CENTRAL government sub-delegate Andres Garcia Lorca recently met representatives from ASALER.
The association has assisted returned emigrant workers since 1999, helping with practical issues and advising on rejoining the labour market and reintegrating into Spanish life.
There are now between 19,000 and 20,000 returnees now living in Almeria Province, ASALER’s president Angeles Martinez told Garcia Lorca who was accompanied by Juan Ramon Fernandez, the sub-delegation’s Labour and Immigration chief.
Earlier this year ASALER assisted returned workers who receive foreign pensions and were unaware that they should have declared these to the tax authority Hacienda.
Having failed to make tax returns between 2008 and 2012 they were warned they would have to pay and in some cases could face fines of up to €30,000.

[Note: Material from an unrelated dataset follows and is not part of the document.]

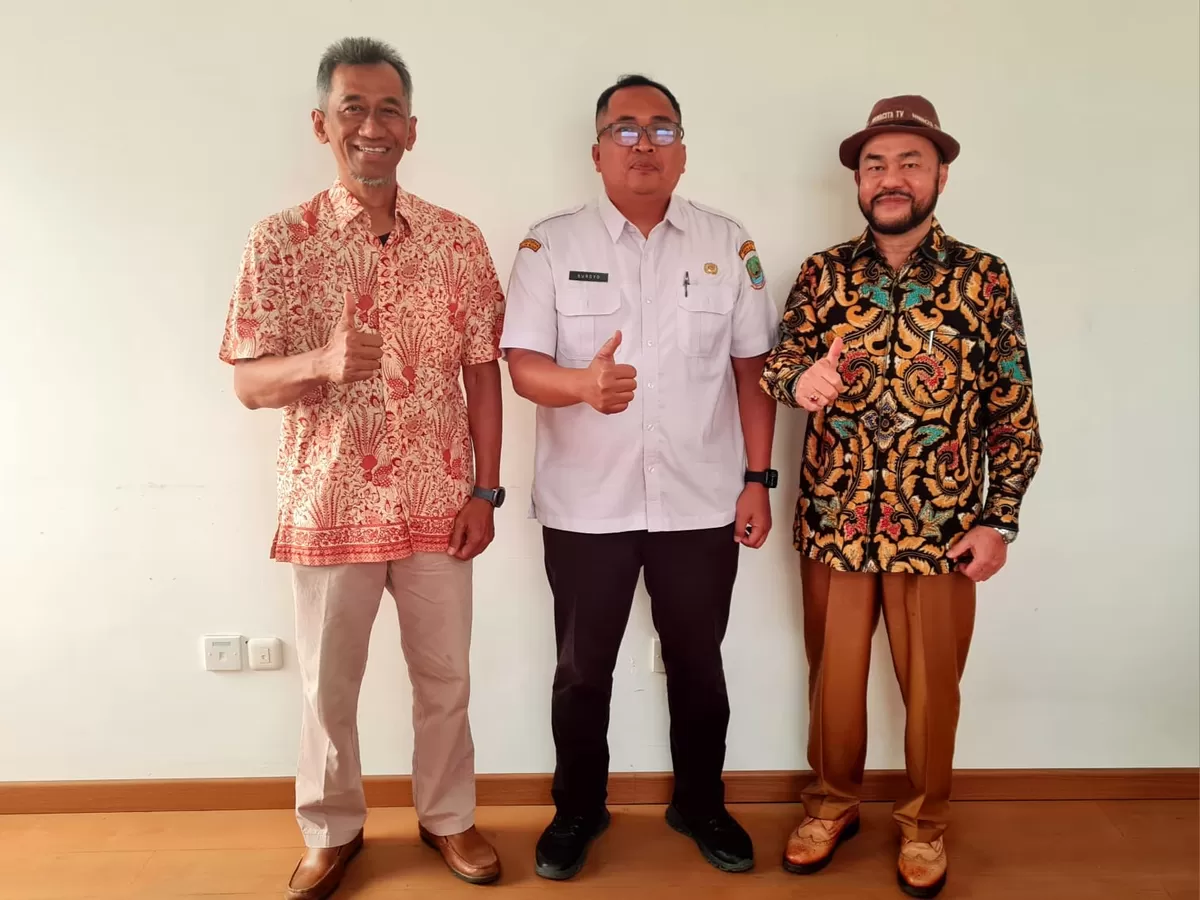 Dari kiri: Pras Perwakilan warga RW 24 Kayuringin Jaya, Suroyo Kepala UPTD Pematusan dan Pemeliharaan Bangunan Air DBMSDA, dan Faigiziduhu Ndruru Perwakilan Warga RW 24 Kayuringin Jaya  (Sakera Nawacita)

The Treasury subsequently announced a ‘mini-amnesty.’ This enabled the pensioners to regularise their situation without paying fines or interest although Angeles Martinez questioned use of the word ‘amnesty.’
The pensioners had originally received incorrect information from Hacienda, she claimed.

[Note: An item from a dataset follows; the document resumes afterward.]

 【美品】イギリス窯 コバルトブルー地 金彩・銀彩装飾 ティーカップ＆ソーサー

Problems are threatening to raise their heads again in Almeria where pensioners demonstrated last month in the city centre. Despite all the promises that they would receive official help in regularising their tax situation, they had not been given sufficient time or assistance, they complained.
Their biggest concern was the current difficulty in making appointments to discuss their problems with Hacienda officials, they said.